1. L’obsolescence des compétences
Selon l’OCDE, la durée moyenne de vie d’une compétence technique en 1988 était de 30 ans. Aujourd’hui, elle est de deux ans.
Les développements technologiques ne sont pas récents et sont connus depuis les premières révolutions industrielles. Par contre, ce qui est tout à fait inédit, c’est le côté exponentiel avec lequel ces accélérations interviennent. La loi de Moore[1] qui a trait à l’évolution et à la puissance de calcul des ordinateurs prévoie que tous les deux ans, il y ait un doublement des performances de rapidité et de stockage d’informations des ordinateurs. Cette augmentation exponentielle de la puissance de calcul, confirmée depuis soixante ans, favorise une prédominance de la digitalisation. Et cela ne va pas s’arrêter là. Il en résulte une très grande incertitude à la fois sur la forme et le contenu des nouvelles technologies, de leur impact sur notre manière de vivre, de travailler, de produire, de nous former. Cette rapidité avec laquelle elles évoluent et l’importance toujours plus grande qu’elles prennent dans notre environnement vont provoquer un phénomène central à analyser pour les systèmes de formation, qui est l’obsolescence des compétences. Selon l’OCDE[2], la durée moyenne de vie d’une compétence technique en 1988 était de 30 ans. Aujourd’hui, elle est de deux ans. Cette obsolescence, si elle concerne d’abord les métiers techniques, va se retrouver bien évidemment dans tous les domaines et influencer directement ou indirectement la pratique de tous les métiers.

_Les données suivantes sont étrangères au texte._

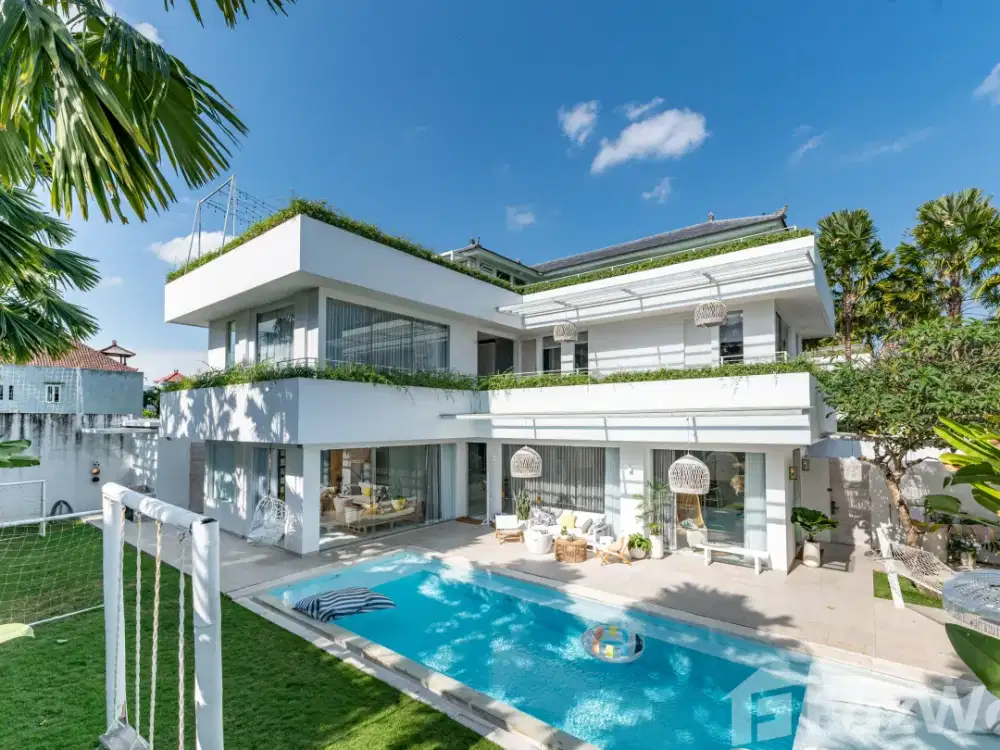 5 Bedroom Villa for sale in Canggu, Bali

Pour rappel, dans le système suisse de formation professionnelle, selon la loi fédérale entrée en vigueur il y a bientôt 20 ans[3], les ordonnances de formation qui décrivent le métier et les différentes compétences qui doivent être enseignées et apprises, doivent être revues tous les cinq ans. Ces révisions sont souvent très complexes et lourdes à réaliser pour les associations professionnelles qui en ont la responsabilité. Aujourd’hui, une telle durée n’est plus forcément adaptée, voire même en décalage avec l’évolution de la digitalisation, les avancées technologiques et l’automatisation des tâches. Il y a là un premier défi que les systèmes de formation doivent pouvoir intégrer, pour éviter que les personnes n’arrivent au terme de leur formation avec des compétences obsolètes par rapport aux besoins du marché du travail.

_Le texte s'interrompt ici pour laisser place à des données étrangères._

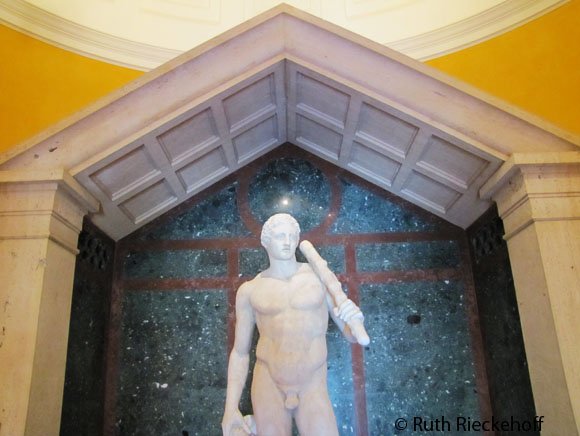 herakles getty villa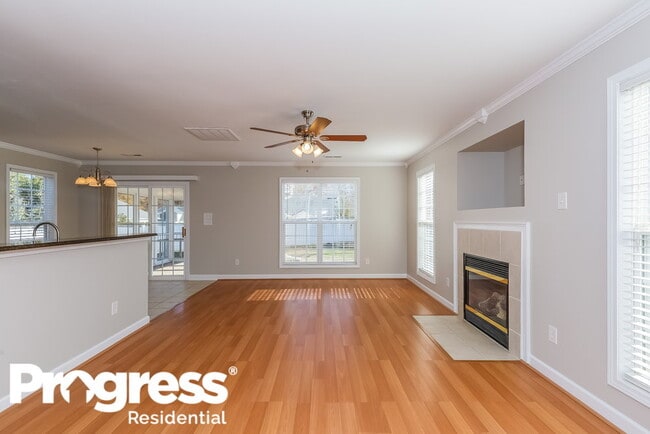 Building Photo - 1440 Standish Dr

2. De la gestion des stocks de savoirs à la gestion des flux
La capacité d’acquérir un nouveau savoir aura désormais plus d’importance que le savoir lui-même.
L’obsolescence des compétences a pour conséquence la nécessité d’une mise à jour constante des savoirs. Comme l’a bien montré Idriss Aberkane[4], l’enjeu pour les personnes n’est plus de gérer des stocks de savoirs qui vont devenir rapidement obsolètes, mais d’apprendre à gérer des flux continus de connaissances. Les personnes devront à l’avenir développer leur capacité à acquérir sans cesse de nouvelles connaissances, et à remettre en question les anciennes. Ce qui fait dire à F. Taddei[5] que « pour apprendre, il faut commencer par désapprendre ». La capacité d’acquérir un nouveau savoir aura désormais plus d’importance que le savoir lui-même. Ceci s’illustre facilement à travers les mises à jour quotidiennes que nous sommes tous amener à opérer pour continuer à utiliser nos smartphones et nos ordinateurs, et qui nous obligent d’abord à abandonner nos habitudes. À l’échelle du fonctionnement des entreprises et des institutions, ces adaptations sont permanentes et toujours plus complexes. C’est d’elles que vont dépendre le bon fonctionnement de l’économie et de la société.

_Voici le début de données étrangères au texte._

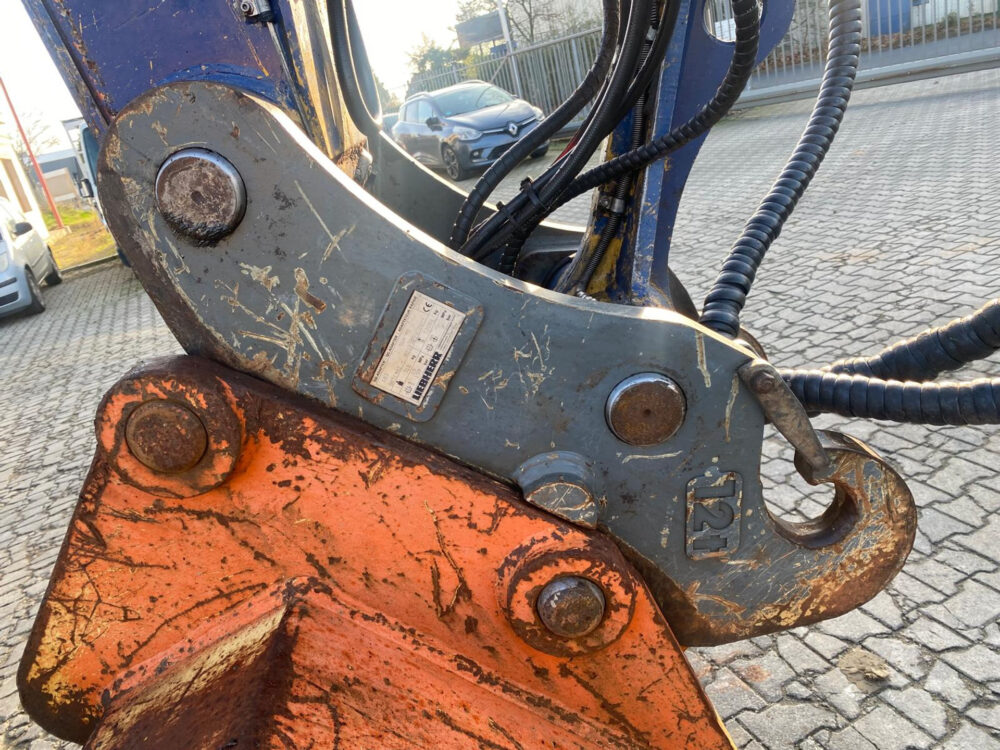 Caterpillar M322D mobiele graafmachine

Pour les systèmes de formation professionnelle, l’enjeu est d’intégrer dans la formation non plus seulement des méthodes pour apprendre, mais aussi des techniques pour désapprendre, en ayant toujours la conscience que toute acquisition est provisoire. Autre conséquence majeure, c’est la nécessaire remise en question du séquençage traditionnelle entre formation initiale, formation continue et formation tout au long de la vie. Désormais, mieux vaudrait-il passer au concept de « formation tout au long de la journée »[6]. Enfin, la thématique de la reconnaissance des compétences, encore beaucoup trop timorée et lacunaire dans les systèmes actuels, doit être repensée et surtout renforcée. De très nombreuses compétences vont passer à travers les mailles du filet des évaluations formelles. Pour renforcer la mobilité professionnelle, celles-ci devront être mieux identifiées et validées.
3. Le travail et ses instabilités
En termes de fonctionnement, les entreprises produisent à flux tendus en répondant dans les meilleurs délais et le plus vite possible aux exigences toujours plus individualisées de leurs clients. Elles recourent de plus en plus à la sous-traitance et à la fragmentation de leur production.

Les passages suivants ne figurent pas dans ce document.